OUR MISSING NEWSPAPERS suddenly appeared exactly seven days after all 34 bags went missing. The Post Office from Cloverdale to Petaluma says it's mystified, but obviously someone somewhere found them and someone somewhere should be held accountable for losing them in the first place. I've written a whining letter of complaint to the Postal Inspector's Office in San Francisco, and I've begun to fill out the stack of claim forms in what will be a vain attempt to get my money back for the extra print run we had to pay for when it seemed that issue might be lost forever. I could probably hold up the Boonville Post Office around closing time when they might have my $500, but I know I'd be recognized and I'm too old to go to jail — it's too noisy and I'd miss the rest of baseball season although the company is lively. Most of you, by now, are all caught up, and that's it. I'll let you know what the Post Office does with my claim. I expect them to send me a laugh track tape. “Dear Mr. Anderson: Har de har, har har.....”

ONE OF THE MOST OFFENSIVE press releases I've seen lately wafted in out of cyber-space Monday morning. It was from Sonoma County Democrats, professional officeholders like Noreen Evans and professional ocean savers like Richard Charter. I seem to be the only one still around who remembers when the Democrats co-opted ocean saving, doing an end around the local people then agitating for permanent ocean sanctuary. The Democrats quickly came out for year-to-year ocean protection from, especially, offshore oil exploration.
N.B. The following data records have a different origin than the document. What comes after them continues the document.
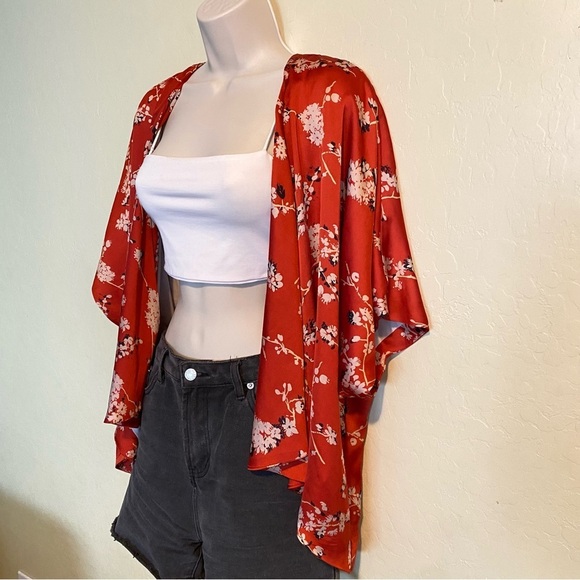 Forever 21 Red Cherry Blossom Floral Satin Kimono Size S - Picture 11 of 15
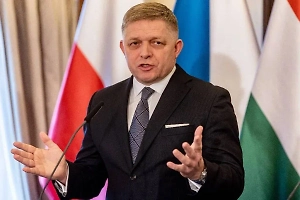 Покушение на Фицо может быть частью плана Запада, считает политолог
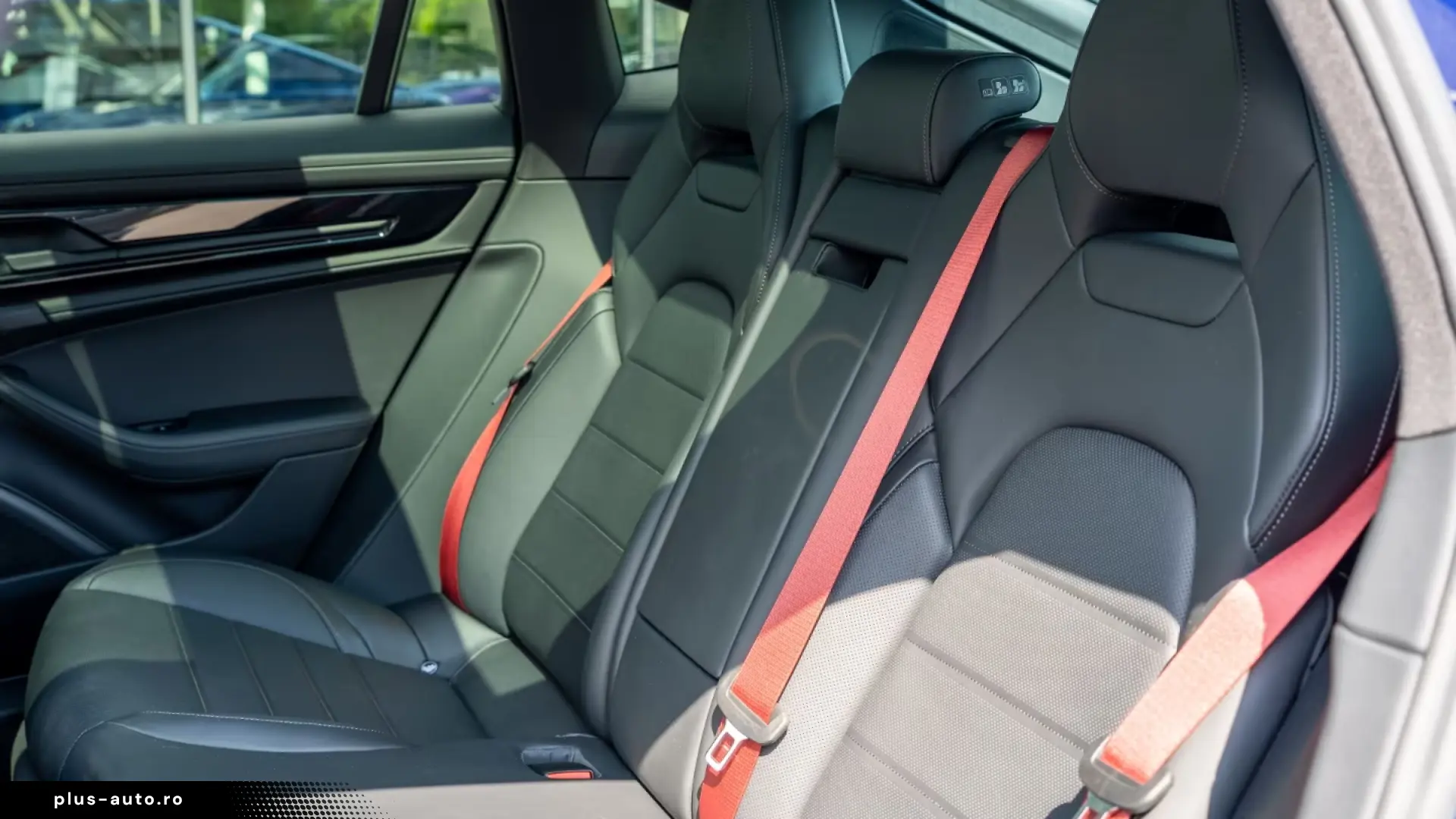 Porsche Panamera 4 Pano Sport Design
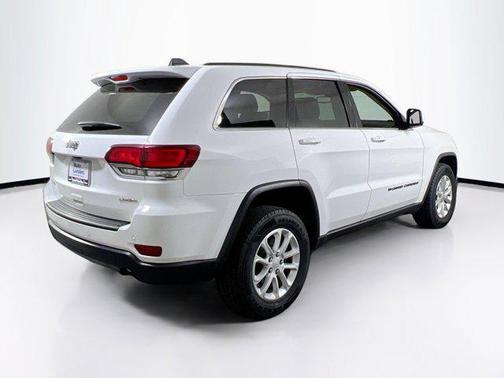 2022 Jeep Grand Cherokee Laredo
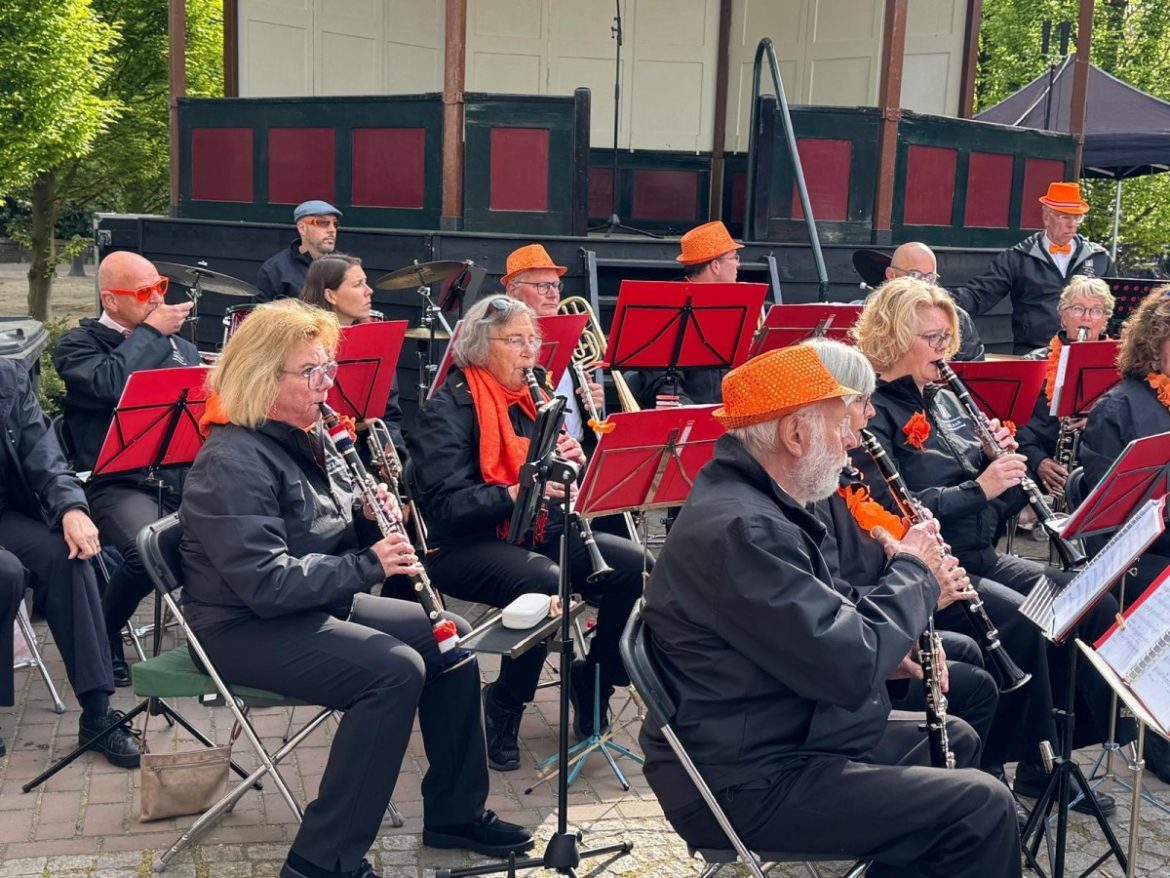 Koningsdag was weer een feestje voor muziekvereniging Sint Jan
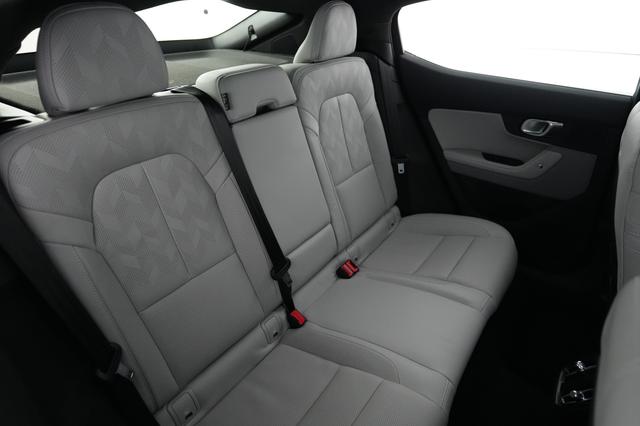 2024 Polestar 2 — photo 4 of 21
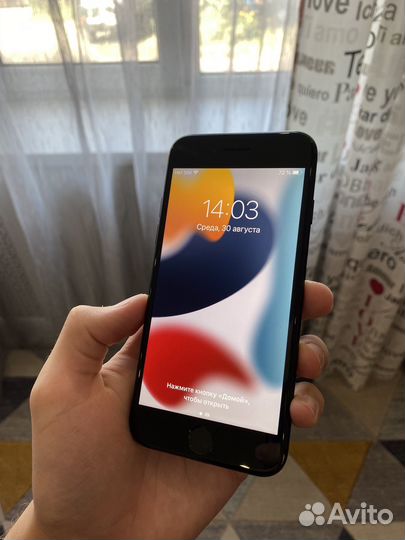 iPhone 7 32gb отличный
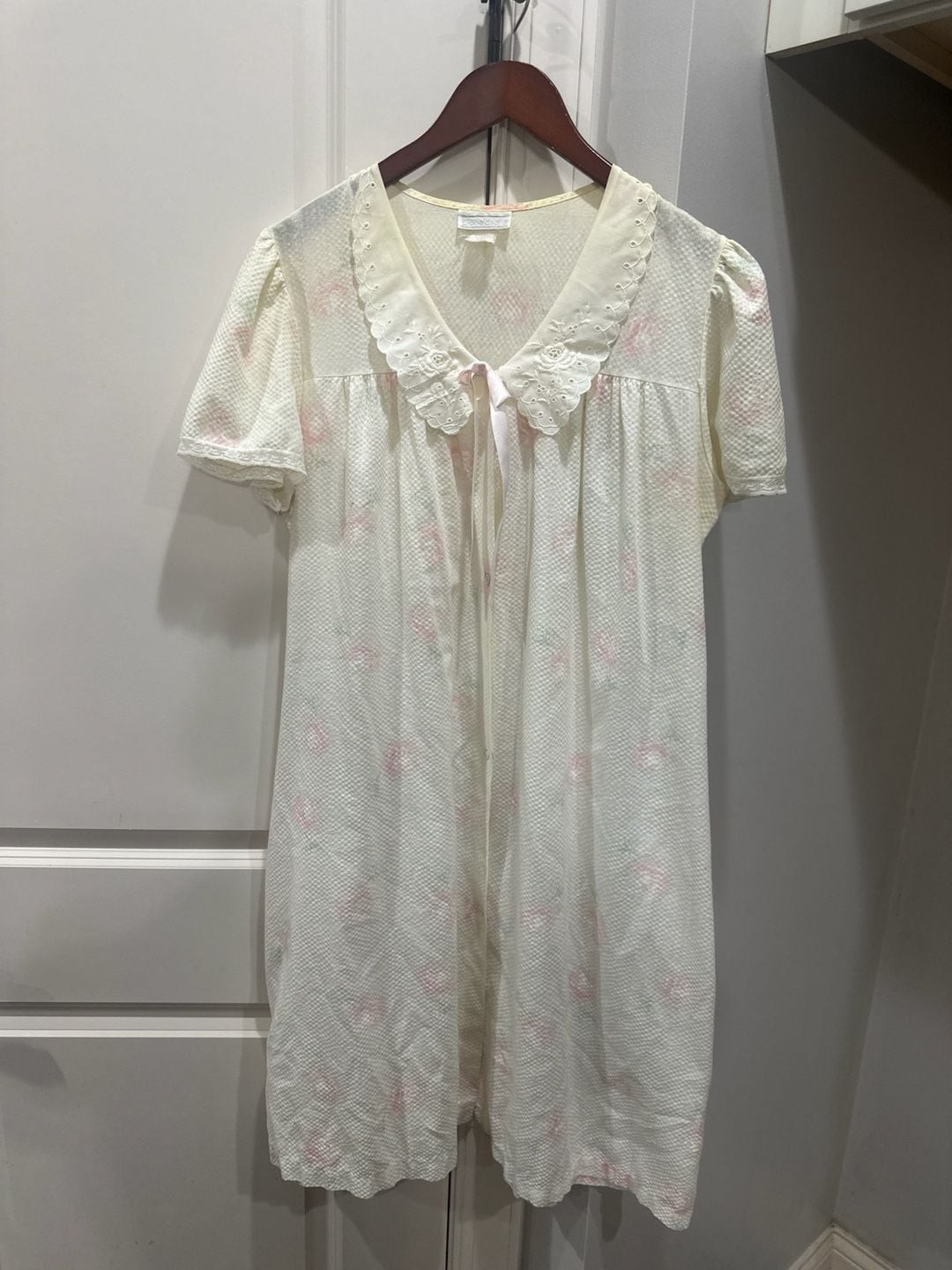 Vintage Donaldsons Floral Eyelet Collar Seersucker Nightgown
Charter got himself a lucrative career annually saving the waters off the Northcoast, and the Democrats annually got their greenie tickets punched while, of course, continuing to take millions from the oil combines to keep their jive selves in national office.

THIRTY YEARS LATER, with Obama and the Democrats issuing weasel-lipped statements about how terrible the Gulf catastrophe is, our Democrats, the career hacks and hacketts “representing” the Northcoast, want us to gather at Bodega Bay where at noon we'll “join hands and form a line along the beach in solidarity with people around the world opposed to offshore oil drilling.” At 11:30, the press release tells us, a half hour before the mass hand-hold, “special speakers, including Assemblywoman Noreen Evans, and Richard Charter, Senior Policy Advisor for Marine Programs for Defenders of Wildlife plus other surprise guests” will stumble through a few paragraphs of tedious clichés about how committed they are to defense of the seas. So long as they get paid. The surprise guests are likely to be our mealy-mouthed congressman, Mike Thompson, and maybe even State Senator Wes Chesbro, a man never known to have missed a photo op.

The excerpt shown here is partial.